Building a Bayesian Logistic Regression with Python and PyMC3
How likely am I to subscribe a term deposit? Posterior probability, credible interval, odds ratio, WAIC
In this post, we will explore using Bayesian Logistic Regression in order to predict whether or not a customer will subscribe a term deposit after the marketing campaign the bank performed.
We want to be able to accomplish:
- How likely a customer to subscribe a term deposit?
- Experimenting of variables selection techniques.
- Explorations of the variables so serves as a good example of Exploratory Data Analysis and how that can guide the model creation and selection process.
I am sure you are familiar with the dataset. We built a logistic regression model using standard machine learning methods with this dataset a while ago. And today we are going to apply Bayesian methods to fit a logistic regression model and then interpret the resulting model parameters. Let’s get started!

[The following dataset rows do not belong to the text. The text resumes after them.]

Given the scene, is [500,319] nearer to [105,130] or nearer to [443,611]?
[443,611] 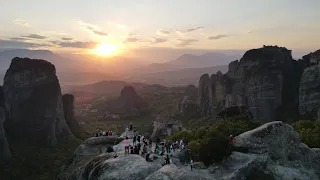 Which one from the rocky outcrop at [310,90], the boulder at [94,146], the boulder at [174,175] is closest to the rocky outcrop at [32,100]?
the boulder at [94,146]

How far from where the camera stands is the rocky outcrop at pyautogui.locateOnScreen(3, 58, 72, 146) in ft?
354

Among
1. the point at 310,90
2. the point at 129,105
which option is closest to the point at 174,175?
the point at 310,90

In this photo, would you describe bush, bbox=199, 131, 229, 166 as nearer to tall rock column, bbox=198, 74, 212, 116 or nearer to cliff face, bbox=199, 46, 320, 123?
cliff face, bbox=199, 46, 320, 123

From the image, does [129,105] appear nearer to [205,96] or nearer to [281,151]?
[205,96]

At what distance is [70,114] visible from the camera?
13088 centimetres

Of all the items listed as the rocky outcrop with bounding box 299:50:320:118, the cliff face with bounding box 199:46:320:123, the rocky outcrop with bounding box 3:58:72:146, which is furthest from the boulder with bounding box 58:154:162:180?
Result: the cliff face with bounding box 199:46:320:123

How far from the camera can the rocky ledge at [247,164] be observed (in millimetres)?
29031

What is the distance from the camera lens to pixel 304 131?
46.4 m

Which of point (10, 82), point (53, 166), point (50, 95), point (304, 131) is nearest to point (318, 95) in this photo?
point (304, 131)

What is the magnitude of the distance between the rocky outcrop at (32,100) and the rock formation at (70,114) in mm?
10784

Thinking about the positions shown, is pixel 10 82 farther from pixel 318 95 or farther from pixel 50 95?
pixel 318 95

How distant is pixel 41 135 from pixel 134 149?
81446 mm

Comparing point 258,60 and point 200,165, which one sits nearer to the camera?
point 200,165

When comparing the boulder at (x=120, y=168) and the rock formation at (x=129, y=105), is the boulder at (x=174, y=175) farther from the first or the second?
the rock formation at (x=129, y=105) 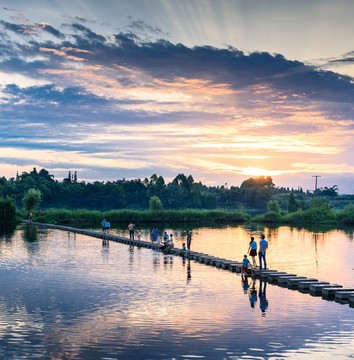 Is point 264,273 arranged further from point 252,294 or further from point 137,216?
point 137,216

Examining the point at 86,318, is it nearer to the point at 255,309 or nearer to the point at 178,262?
the point at 255,309

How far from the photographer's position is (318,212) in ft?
436

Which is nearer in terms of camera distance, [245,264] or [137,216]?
[245,264]

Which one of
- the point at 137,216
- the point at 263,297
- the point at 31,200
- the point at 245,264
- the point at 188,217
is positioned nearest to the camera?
the point at 263,297

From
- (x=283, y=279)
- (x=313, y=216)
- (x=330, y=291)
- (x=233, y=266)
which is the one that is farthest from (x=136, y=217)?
(x=330, y=291)

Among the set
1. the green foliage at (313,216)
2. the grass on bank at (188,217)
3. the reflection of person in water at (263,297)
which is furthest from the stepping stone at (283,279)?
the green foliage at (313,216)

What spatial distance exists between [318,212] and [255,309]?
114m

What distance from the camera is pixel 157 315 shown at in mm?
22688

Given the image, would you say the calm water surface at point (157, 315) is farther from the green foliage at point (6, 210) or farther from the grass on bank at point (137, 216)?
the grass on bank at point (137, 216)

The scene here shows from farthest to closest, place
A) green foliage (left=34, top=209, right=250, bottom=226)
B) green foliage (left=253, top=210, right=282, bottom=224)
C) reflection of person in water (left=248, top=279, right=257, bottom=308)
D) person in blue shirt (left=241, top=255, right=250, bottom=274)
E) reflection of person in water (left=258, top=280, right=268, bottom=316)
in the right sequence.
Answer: green foliage (left=253, top=210, right=282, bottom=224) < green foliage (left=34, top=209, right=250, bottom=226) < person in blue shirt (left=241, top=255, right=250, bottom=274) < reflection of person in water (left=248, top=279, right=257, bottom=308) < reflection of person in water (left=258, top=280, right=268, bottom=316)

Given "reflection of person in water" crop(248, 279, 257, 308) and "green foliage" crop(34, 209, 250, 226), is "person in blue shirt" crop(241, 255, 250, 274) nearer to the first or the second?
"reflection of person in water" crop(248, 279, 257, 308)

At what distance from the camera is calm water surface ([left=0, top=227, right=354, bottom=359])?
17.7 meters

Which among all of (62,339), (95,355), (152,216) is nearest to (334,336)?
(95,355)

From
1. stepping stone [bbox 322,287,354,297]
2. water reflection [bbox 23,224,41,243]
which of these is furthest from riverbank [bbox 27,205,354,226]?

The goal of this dataset is to create a binary classification model that predicts whether or not a customer will subscribe a term deposit after a marketing campaign the bank performed, based on many indicators. The target variable is given as y and takes on a value of 1 if the customer has subscribed and 0 otherwise.
This is an imbalanced class problem because there are significantly more customers did not subscribe the term deposit than the ones did.
import pandas as pd
import numpy as np
import seaborn as sns
import matplotlib.pyplot as plt
import pymc3 as pm
import arviz as az
import matplotlib.lines as mlines
from collections import OrderedDict
import theano.tensor as tt
from IPython.core.pylabtools import figsize
from sklearn.metrics import accuracy_score, f1_score, confusion_matrix
df = pd.read_csv('banking.csv')
As part of EDA, we will plot a few visualizations.
- Explore the target variable versus customers’ age using the stripplot function from seaborn:
sns.stripplot(x="y", y="age", data=df, jitter=True)
- Explore the target variable versus euribor3m using the stripplot function from seaborn:
sns.stripplot(x="y", y="euribor3m", data=df, jitter=True)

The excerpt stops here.